> **PROBLEM**:
Only the text of the records, copied exactly, is wanted; no pictures.
RECORDS TO USE section start
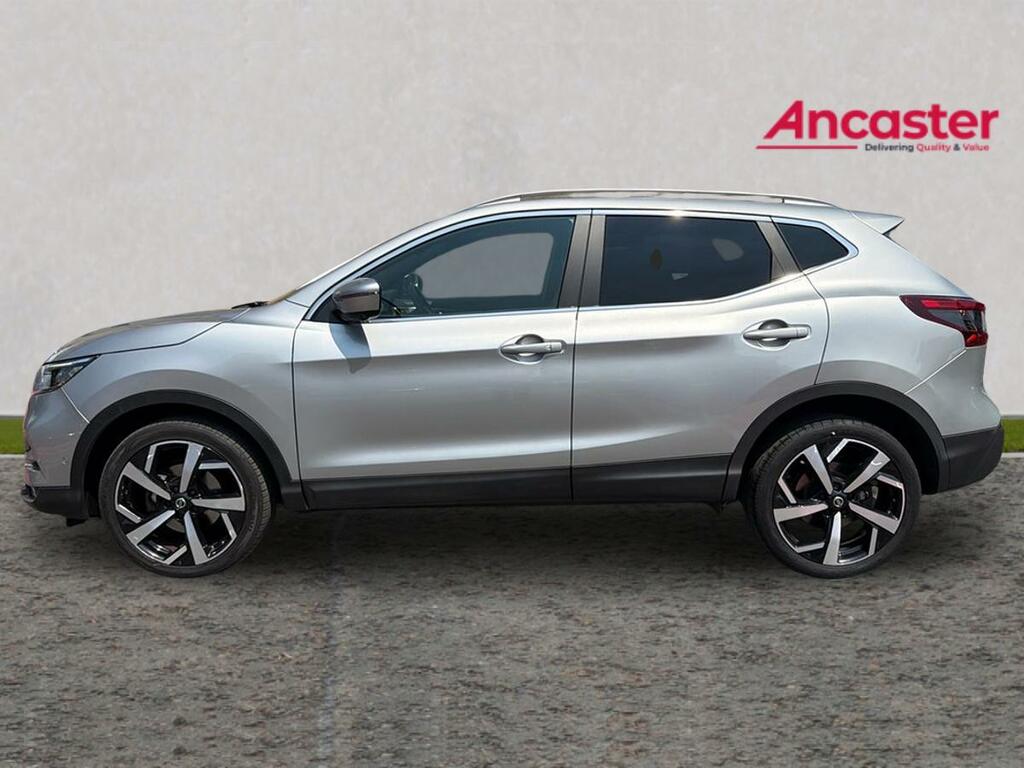 Nissan Qashqai 1.2 Dig-t Acenta Xtronic Black #6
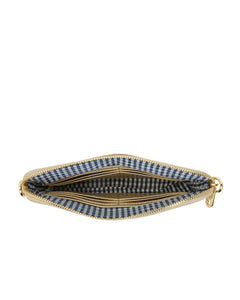 Bowery Wallet | Light Gold Crinkle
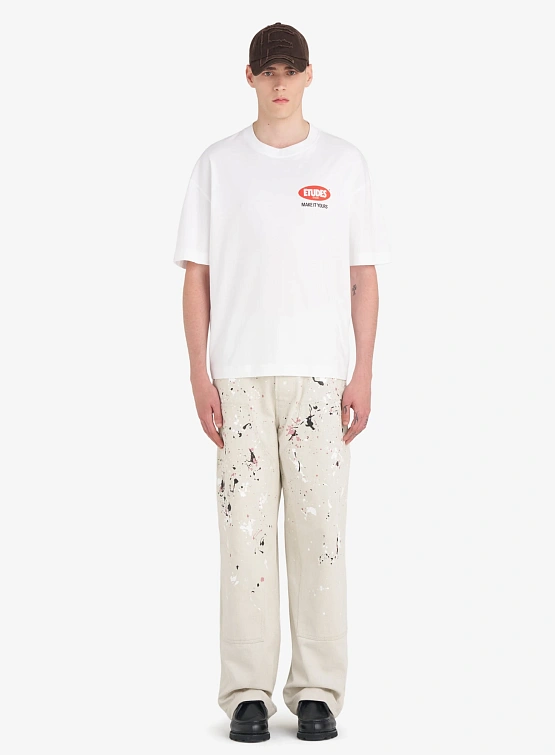 Футболка Études Relax Make It Yours White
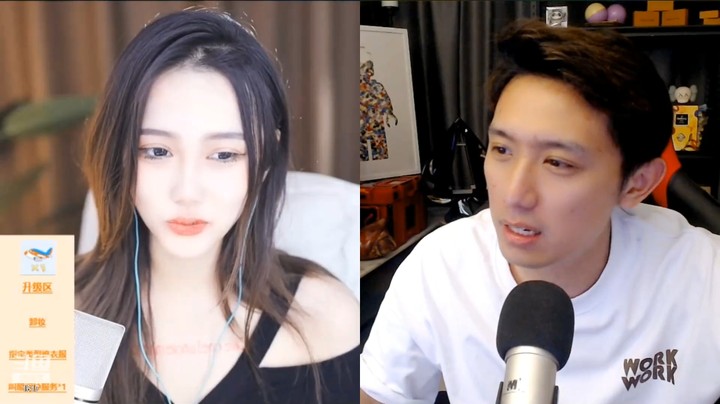 博哥和美女小主播聊天，大家说美女是个人才啊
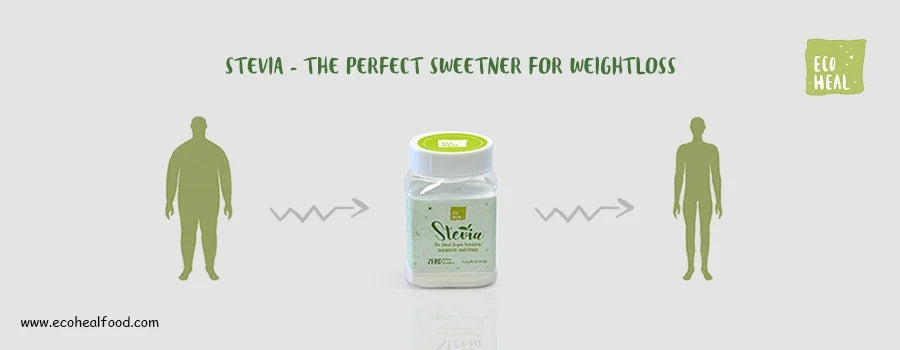 STEVIA - THE PERFECT SWEETENER FOR WEIGHTLOSS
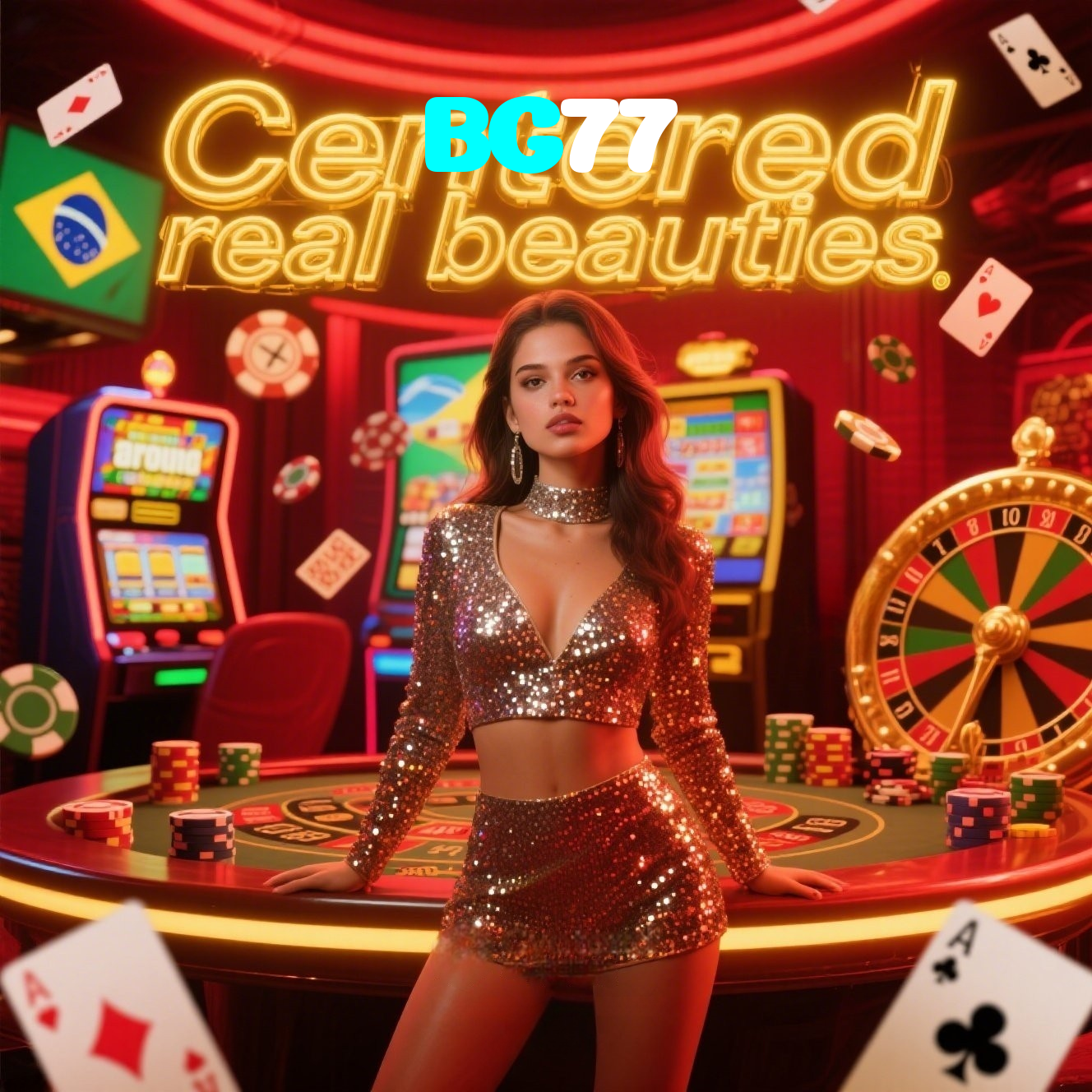 BG77：Onde sua sorte brilha com poker, roleta e apostas no futebol online!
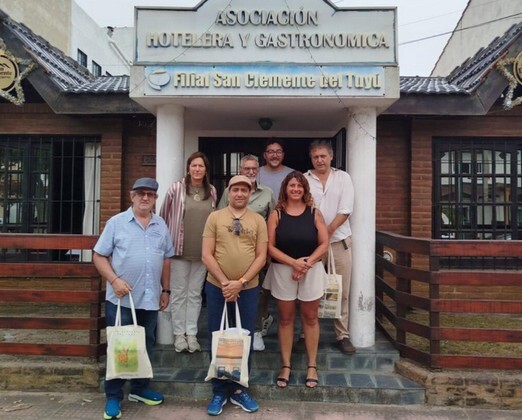 Gestión federal para fortalecer la cadena turística bonaerense
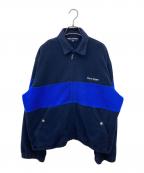 POLO SPORTポロスポーツ）の古着「チンスト付フリースジャケット」｜ネイビー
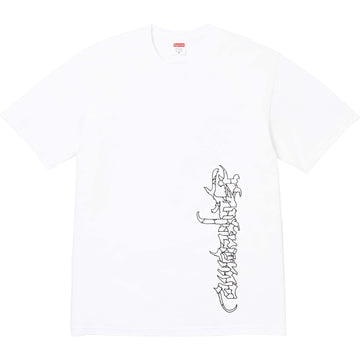 Supreme Satan Tee White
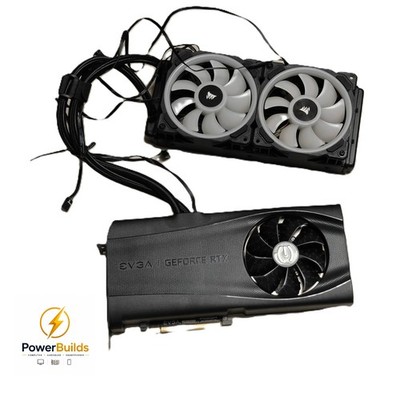 EVGA GeForce RTX 3090 FTW3 Ultra Hybrid Gaming, 24GB GDDR6X - Guter Zustand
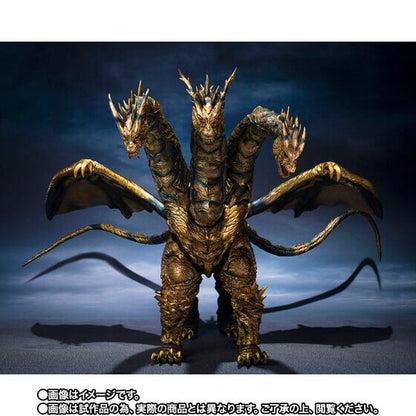 (PREVENTA) S.H. MonsterArts King Ghidora (Godzilla Final Wars)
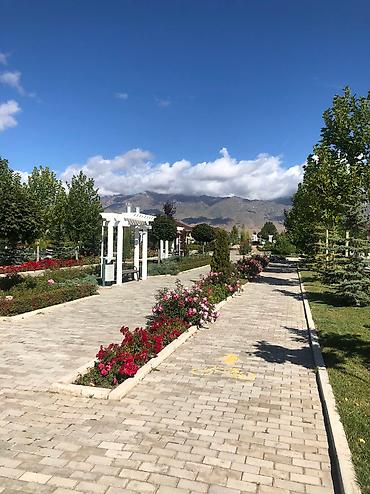 Иссык-Куль 2026: Квартира, квартира ЦО Карвен 4 сезона, Сары-Ой, Детская площадка, Парковка, стоянка, Охраняемая территория — 14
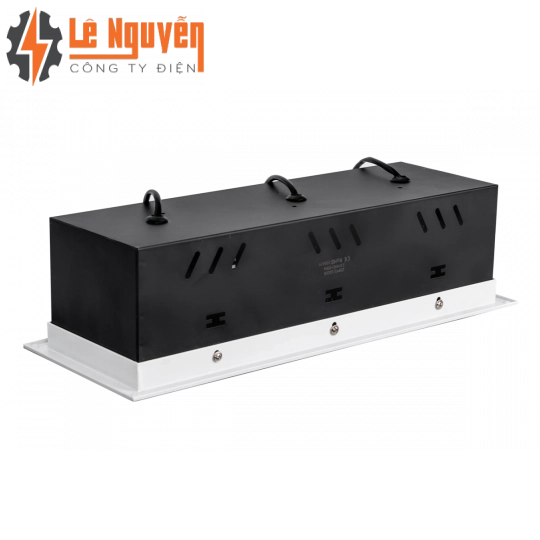 LED Downlight âm trần Chiếu điểm 3 đèn 20W ánh sáng vàng DLS-320V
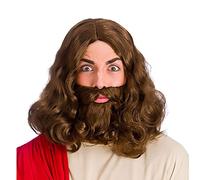 Wicked Costumes Adult Jesus Fancy Dress Wig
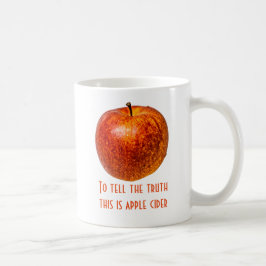 Rotapfel Tasse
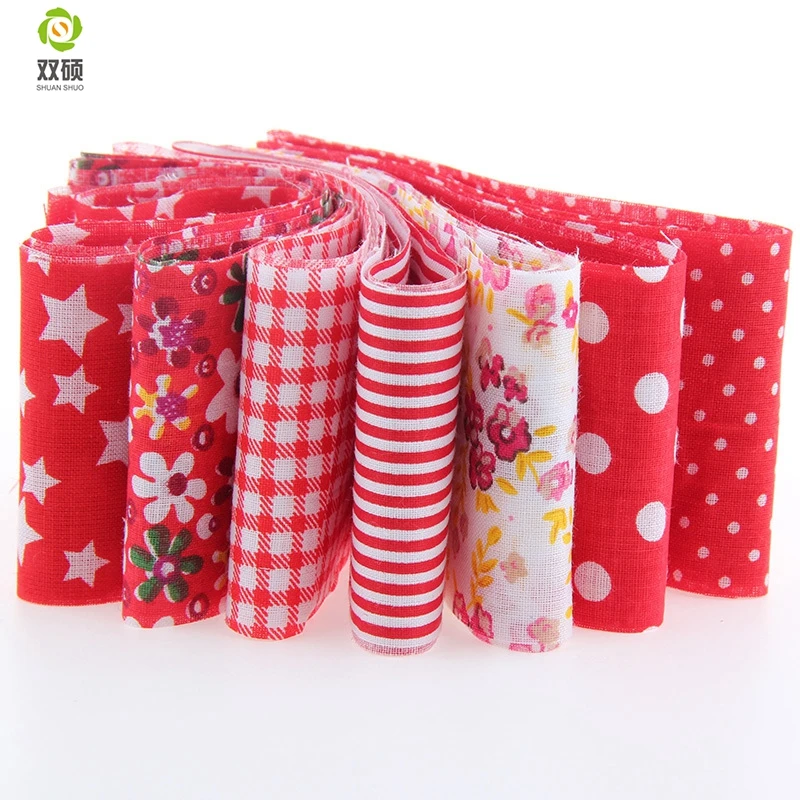 2016 New7pcs / много красного цвета королевский коричневый тема 100% хлопчатобумажная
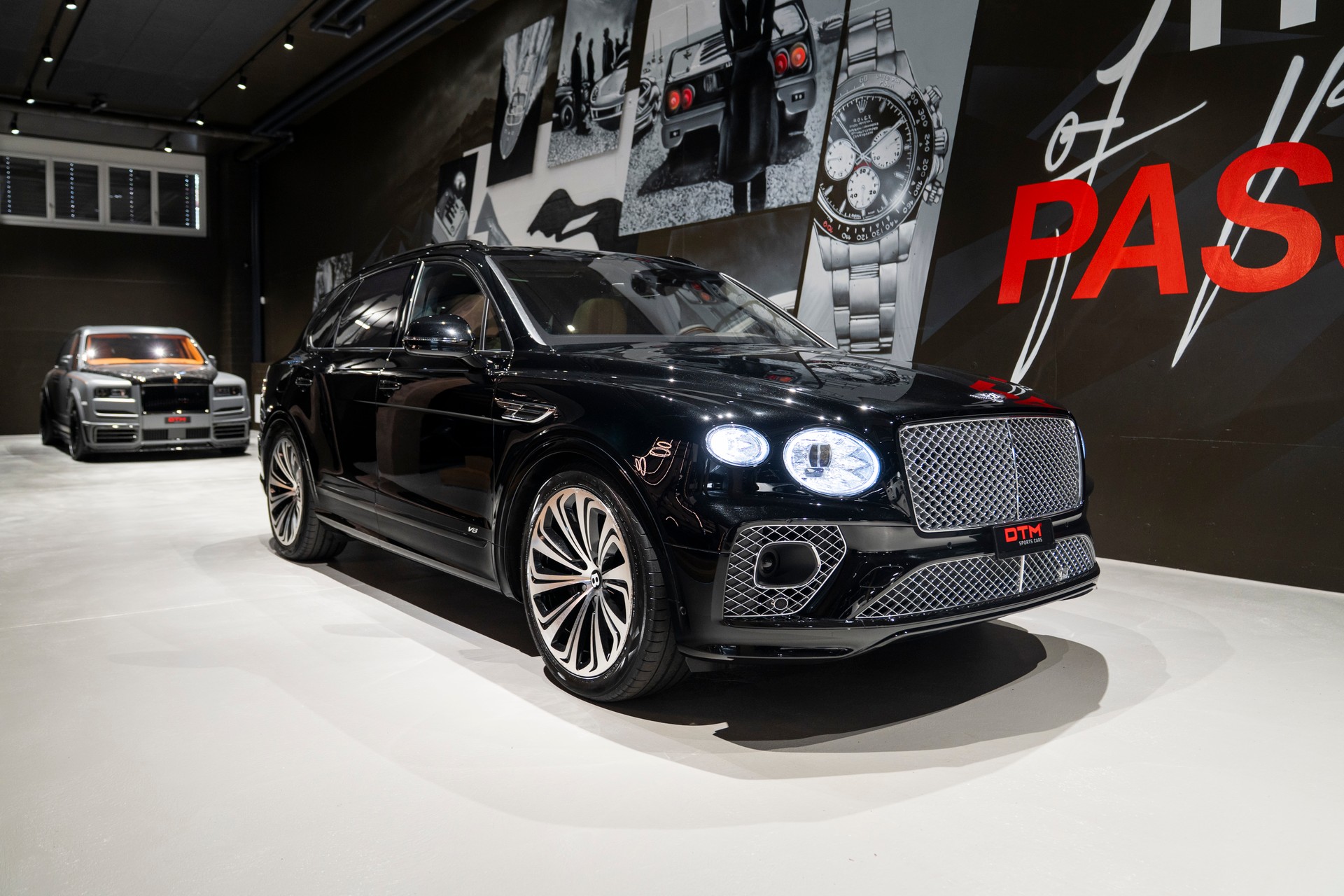 BENTLEY Bentayga V8 First Edition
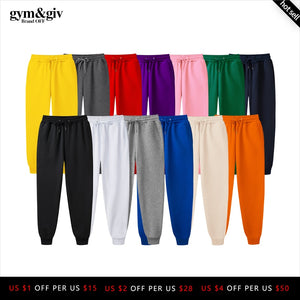 Sweatpants Jogger 13 colors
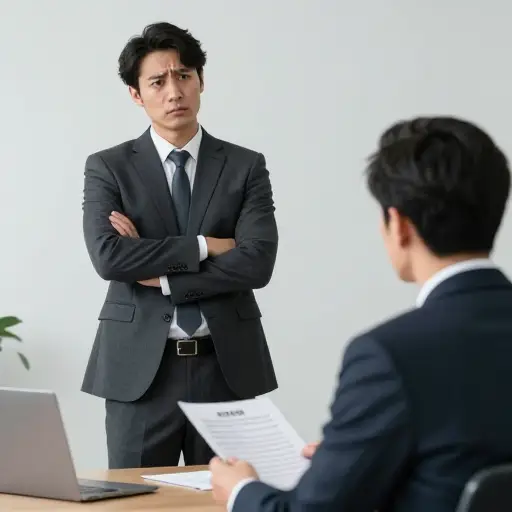 解雇他的决定没有理由，因为他没有做错任何事。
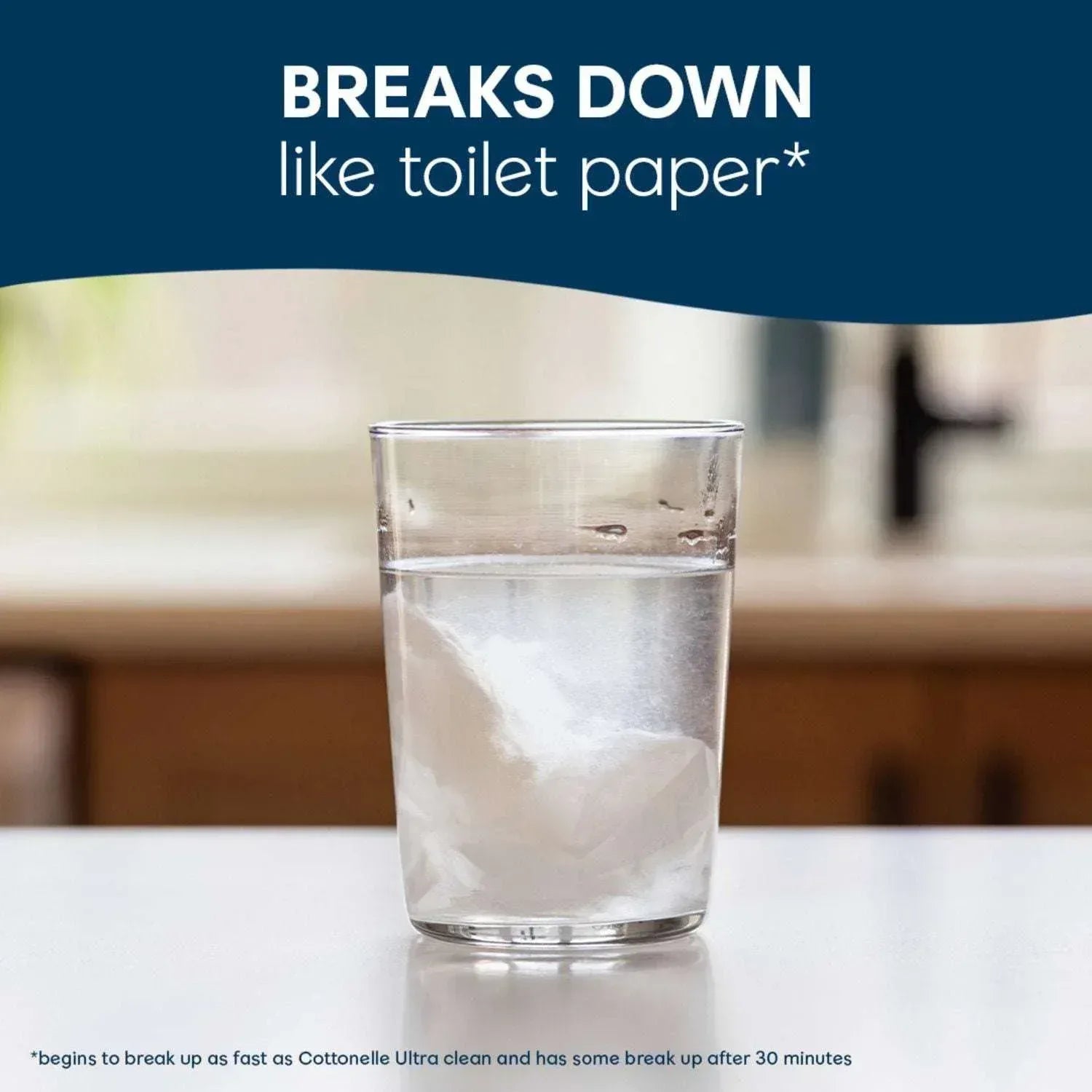 Cottonelle Freshcare Flushable Wipes, 12 ct., 504 wipes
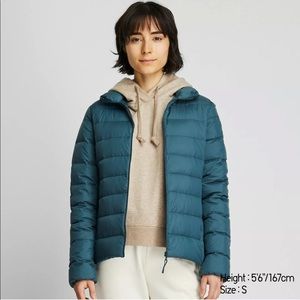 Uniqlo Ultra Light Down Women Jacket 57 Olive XXL
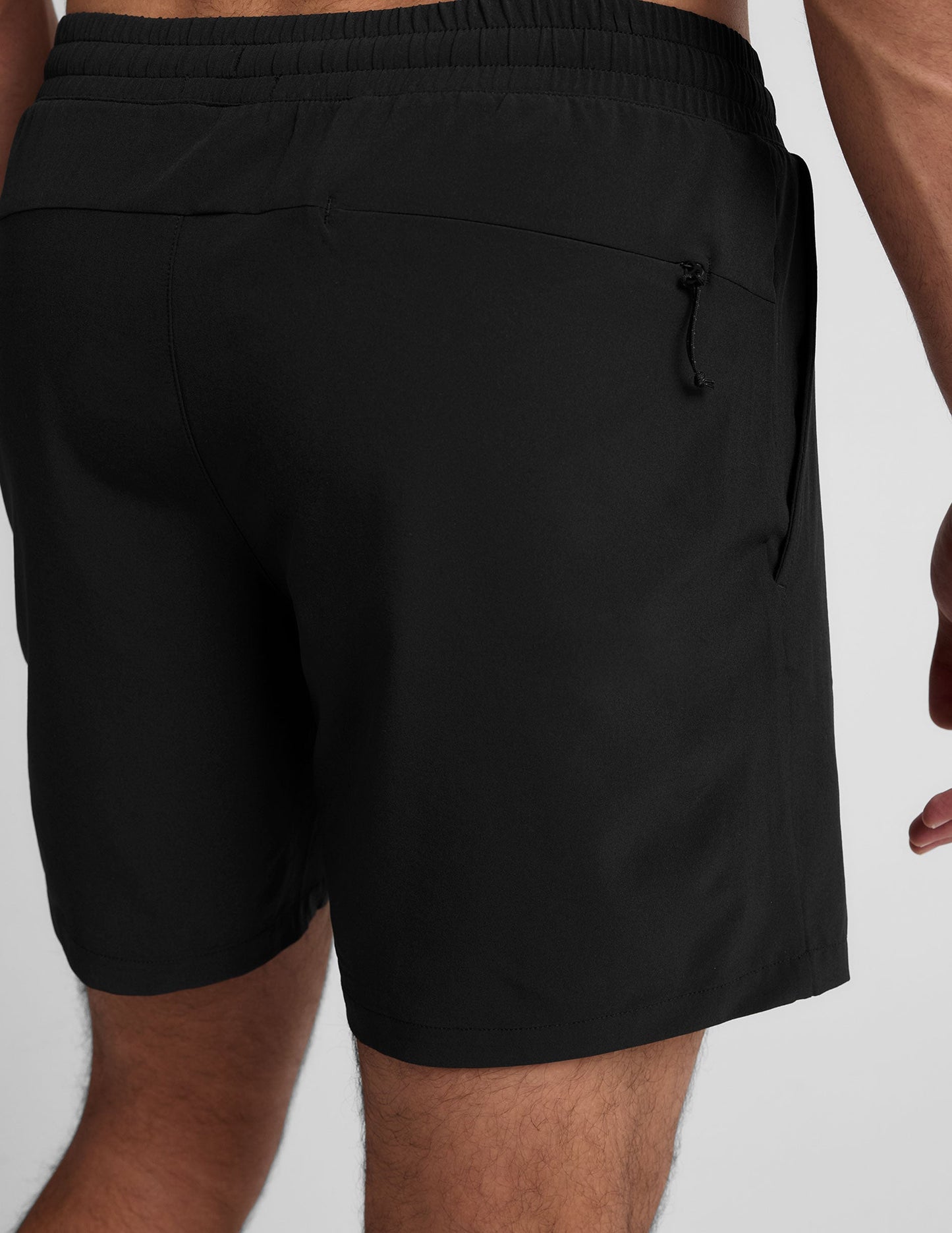 Beyond Yoga Men's Lined Running Pivotal 2.0 Shorts - Black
RECORDS TO USE section end
> **ANSWER**:
 Nissan Qashqai 1.2 Dig-t Acenta Xtronic Black #6
 Bowery Wallet | Light Gold Crinkle
 Футболка Études Relax Make It Yours White
 博哥和美女小主播聊天，大家说美女是个人才啊
 STEVIA - THE PERFECT SWEETENER FOR WEIGHTLOSS
 BG77：Onde sua sorte brilha com poker, roleta e apostas no futebol online!
 Gestión federal para fortalecer la cadena turística bonaerense
 POLO SPORTポロスポーツ）の古着「チンスト付フリースジャケット」｜ネイビー
 Supreme Satan Tee White
 EVGA GeForce RTX 3090 FTW3 Ultra Hybrid Gaming, 24GB GDDR6X - Guter Zustand
 (PREVENTA) S.H. MonsterArts King Ghidora (Godzilla Final Wars)
 Иссык-Куль 2026: Квартира, квартира ЦО Карвен 4 сезона, Сары-Ой, Детская площадка, Парковка, стоянка, Охраняемая территория — 14
 LED Downlight âm trần Chiếu điểm 3 đèn 20W ánh sáng vàng DLS-320V
 Wicked Costumes Adult Jesus Fancy Dress Wig
 Rotapfel Tasse
 2016 New7pcs / много красного цвета королевский коричневый тема 100% хлопчатобумажная
 BENTLEY Bentayga V8 First Edition
 Sweatpants Jogger 13 colors
 解雇他的决定没有理由，因为他没有做错任何事。
 Cottonelle Freshcare Flushable Wipes, 12 ct., 504 wipes
 Uniqlo Ultra Light Down Women Jacket 57 Olive XXL
 Beyond Yoga Men's Lined Running Pivotal 2.0 Shorts - Black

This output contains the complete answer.